> _RECORDS FOR THIS EXERCISE_:

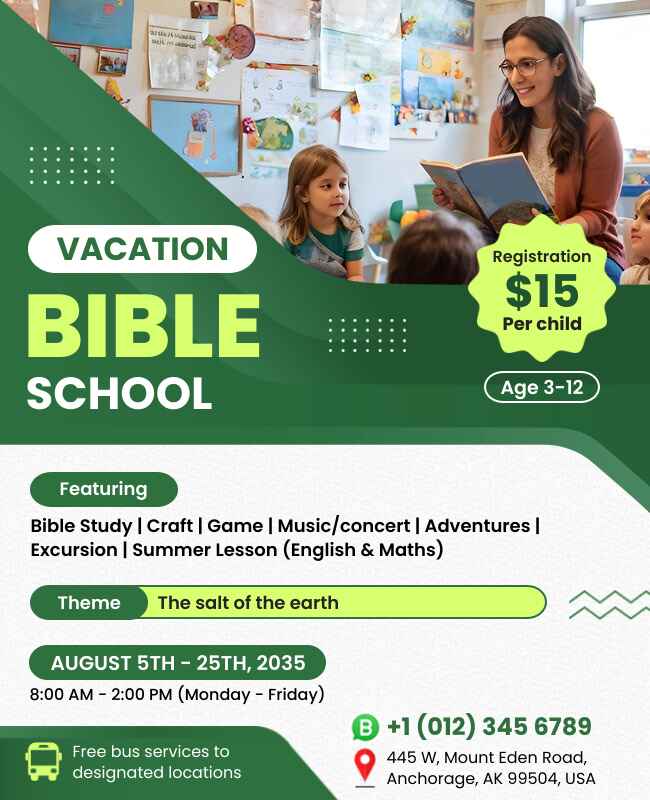 Vacation Bible School event flyer with colorful and engaging details.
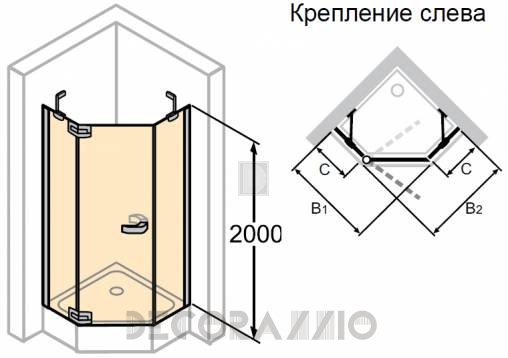 Душевая перегородка Huppe Studio - PT4020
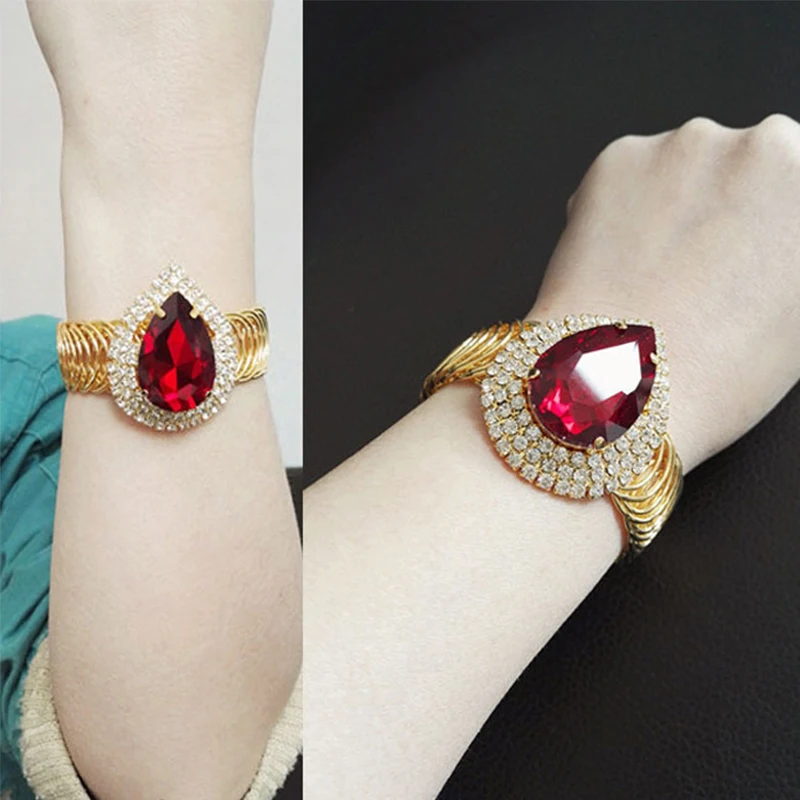 Модный женский браслет, кубинские звенья цепи, браслеты, золотые большие стразы,, Женские Ювелирные изделия VB848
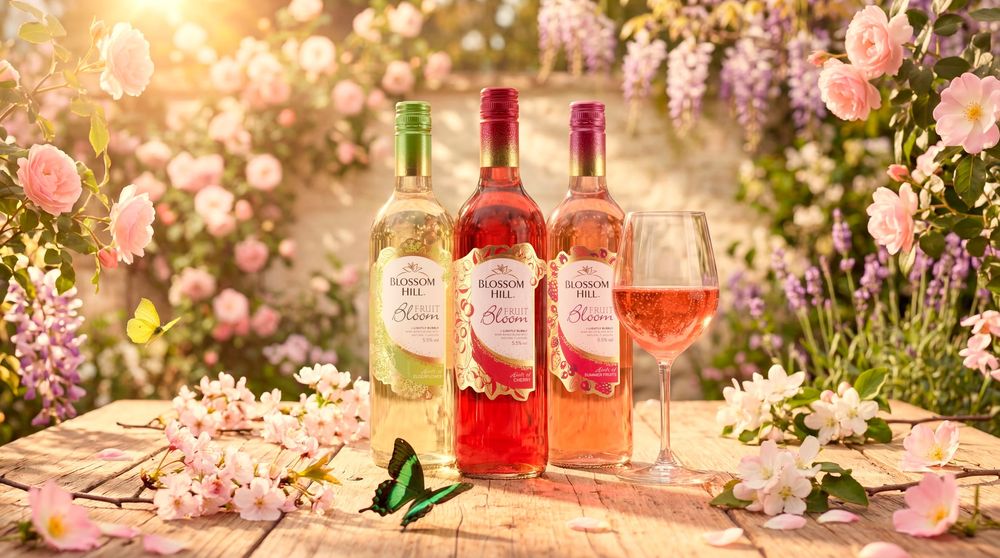 Three floral wine bottles with a glass of rose wine surrounded by pink flowers in a sunny garden setting.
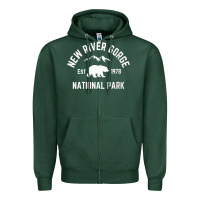 Sports Green womens new river gorge national park bear west virginia nature v neck Zipper Hoodie - linhVisuals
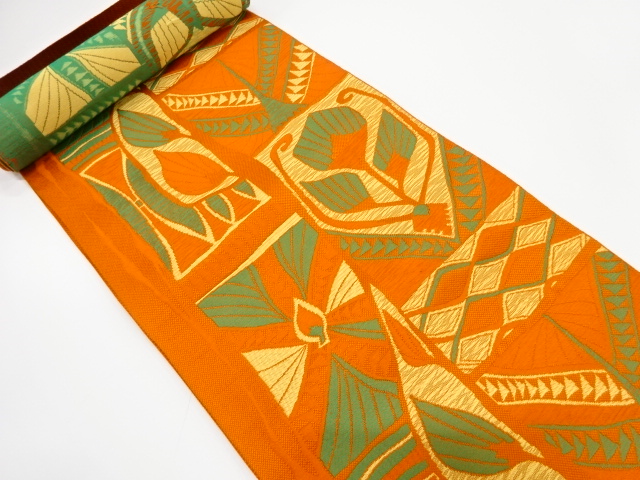 JAPANESE KIMONO / ANTIQUE BOLT FOR NAGOYA OBI / SILK / CHIKUZEN HAKATA / WOVEN FLORAL SARASA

> _TASK GOAL_: Restate word for word only the lines from where the entries begin through the one with "Модный женский браслет, кубинские"; omit the pictures.

> _ANSWER BOX_:
 Vacation Bible School event flyer with colorful and engaging details.
 Душевая перегородка Huppe Studio - PT4020
 Модный женский браслет, кубинские звенья цепи, браслеты, золотые большие стразы,, Женские Ювелирные изделия VB848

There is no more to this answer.